Search of the week

Eric contacted me with a ‘brick wall’.

He was applying for Italian citizenship and had collected all the records he needed, and had already corrected several of them to meet the Consulate’s standards.  One record though, was a real puzzle.  His Grandfather Gioacchino was a foundling born in Palermo, although his entry record indicated he was from Marineo. All other records matched with surname and parent information (unknown) except that of his marriage.

The marriage record showed a completely different surname, one the family had never heard of, and also listed both a father and a mother, although it was obviously the right marriage record as the bride was definitely Eric’s Grandmother.

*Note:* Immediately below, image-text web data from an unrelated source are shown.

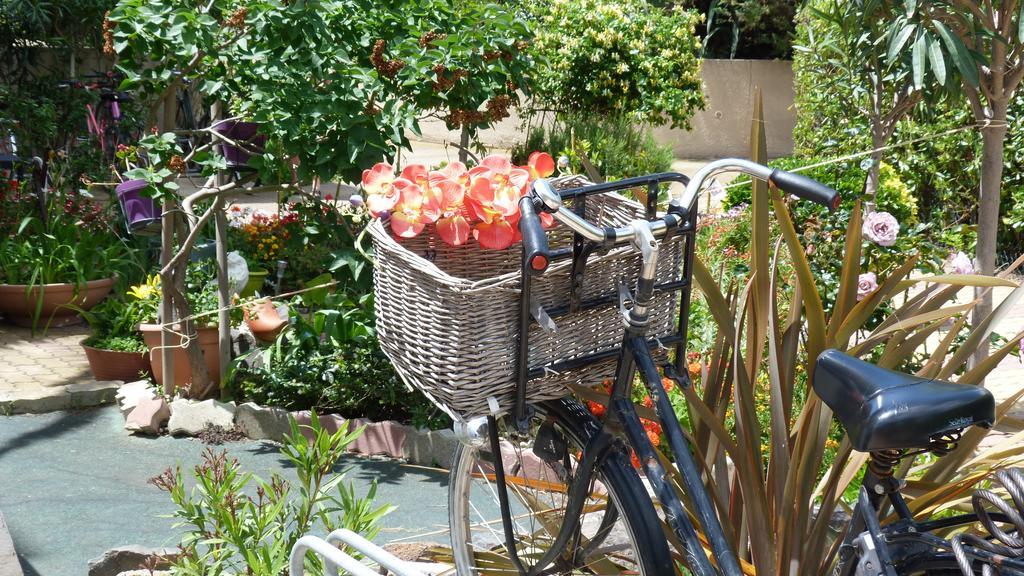 Cap D'Agde Studio - Village Naturiste Eksteriør billede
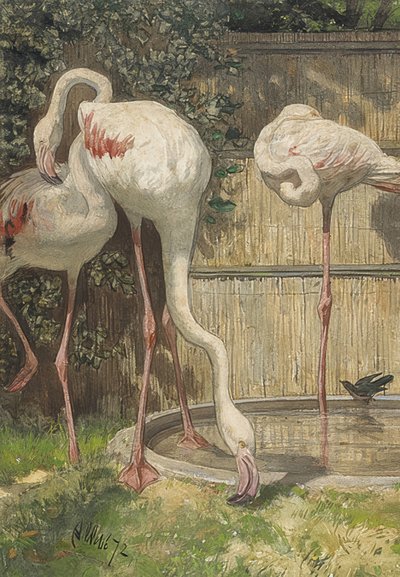 Trois flamants roses près d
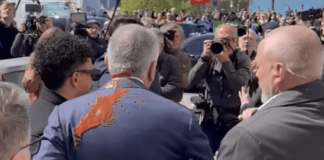 protester throws red-liquid-on-pahlavi-in-berlin 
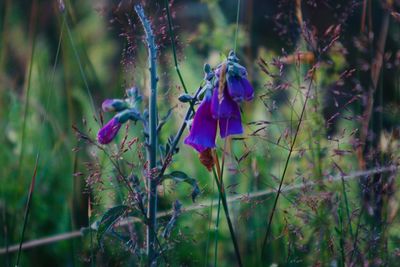 Close-up of purple flowering plant on land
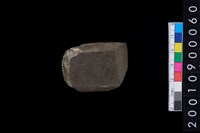 藏品(石錛)的圖片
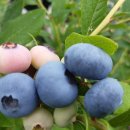 억주농장 이미지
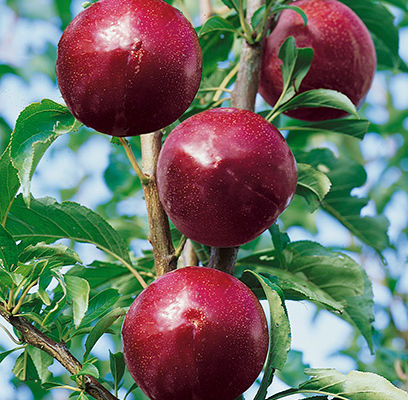 Superior Plum | Prunus 'Superior'
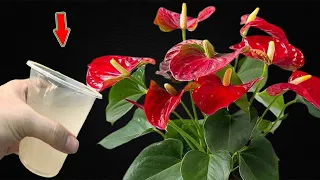 Pour 1 Cup Into The Root! Weak Anthurium Suddenly Sprouts And Blooms Continuously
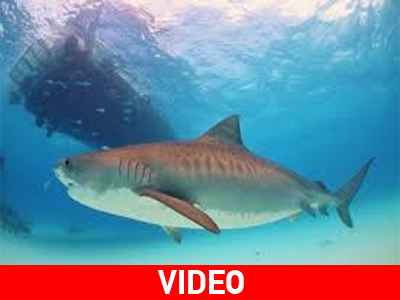 Δύσκολος καιρός για… κολύμπι στη Δυτική Αυστραλία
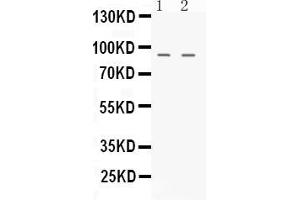 Western blot analysis of NIRF expression in rat testis extract ( Lane 1) and K562 whole cell lysates ( Lane 2).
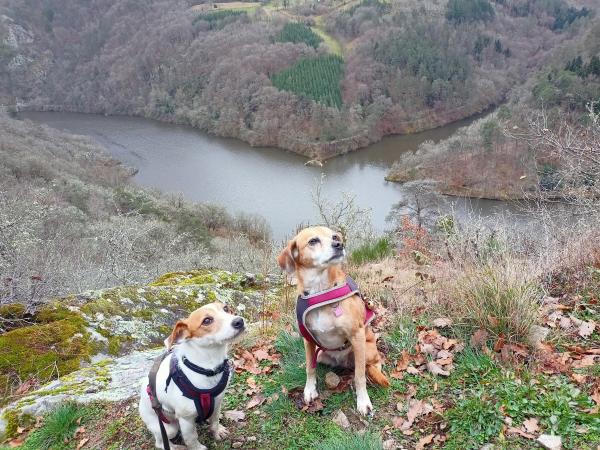 Foto dell'alloggio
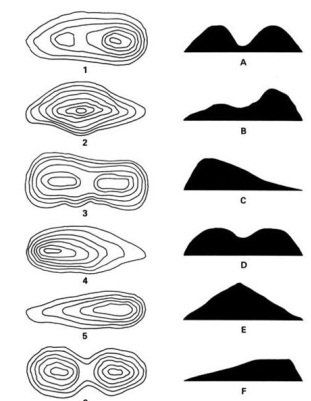 1593_figure1.jpg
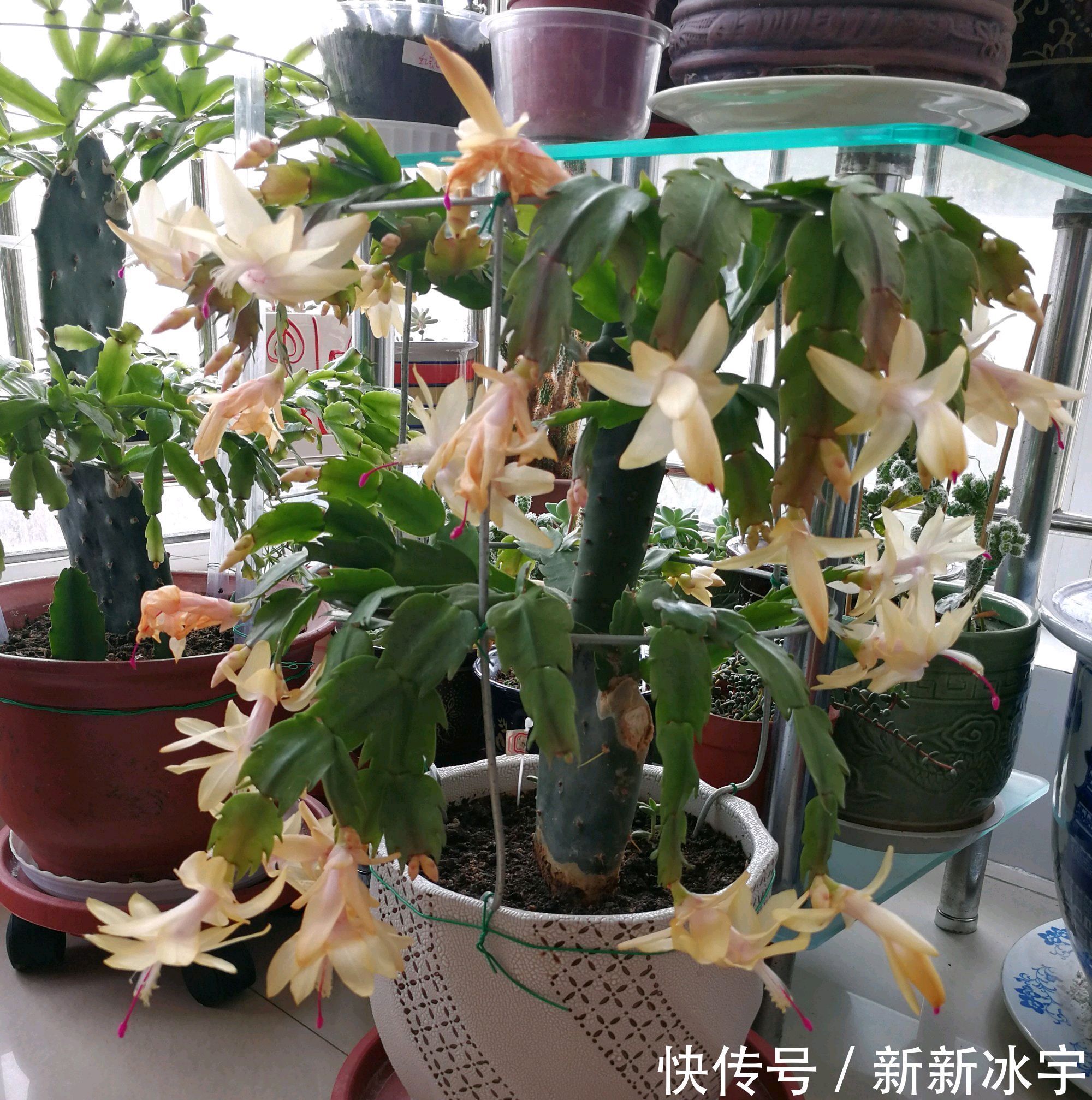 仙人掌嫁接蟹爪兰,做不到4点,徒劳无功,嫁接一盆坏一盆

The Consulate did not accept this and asked Eric to get some clarification.  He asked what could he do to clarify this for the Consulate.

I first checked the ship manifest and discovered that his LAST RESIDENCE was Marineo, not his birthplace.  For foundlings this is significant as they are often fostered to farming women in nearby towns to the large city where the child was found.  I also checked Ellis Island for people traveling from Marineo with the surname he provided on the marriage record.  Sure enough I found several and even some from Palermo itself.  The Italian white pages also confirmed this distribution of the mystery surname.

The question is, ‘How could Gioacchino have organized his marriage certificate to have all these errors and yet continued to use his own, given surname for his children’?

This is how I think it happened.

Gioacchino was in America for less than two years when he met the woman he wanted to marry.  I doubt he could speak much English at this point and it is unlikely he was literate so the clerk probably filled out the form for him.  The certificate Eric sent me was a certificate.  If he could get a copy of the original form complete with ‘signature’s I think he would see where the problem lay.

I suspect Gioacchino presented himself with surname first as many Italians do even today.  Then as the questions continued , age, birthplace etc. the BIG question came  What is your father’s name?  I can just see Gioacchino give that Italian shrug and raise his hands, palm up indicating, ‘I don’t know’.  The clerk assumes he does not understand the question and rephrases it.  ‘Who raised you?’  Who did you live with?  This is a question Gioacchino can answer, Giuseppe Azzara, he replies. He can even answer the next question about Giuseppe’s wife.  The clerk is happy, she fills out the form, changes his surname at the top to reflect the Azzara surname of his ‘father’ and every one is happy.  This is a civil wedding and I doubt Gioacchino did more than say ‘yes’ when prompted.

What Eric needs to do now is:-

Obtain a copy original of the marriage application. (I don’t know if that is possible but it will surely show some corrections)

Contact the Palermo Brefotrofio and request information about the family to whom he was fostered.  With luck it will be Azzara.

Contact the Comune of Marineo for a record of his residence in that town, and also the residence of Giuseppe Azzara.  Hopefully they will be the same.  Records for Marineo are on line so a search for the couple named on the marriage record would confirm that Gioacchino did not invent his ‘parents’.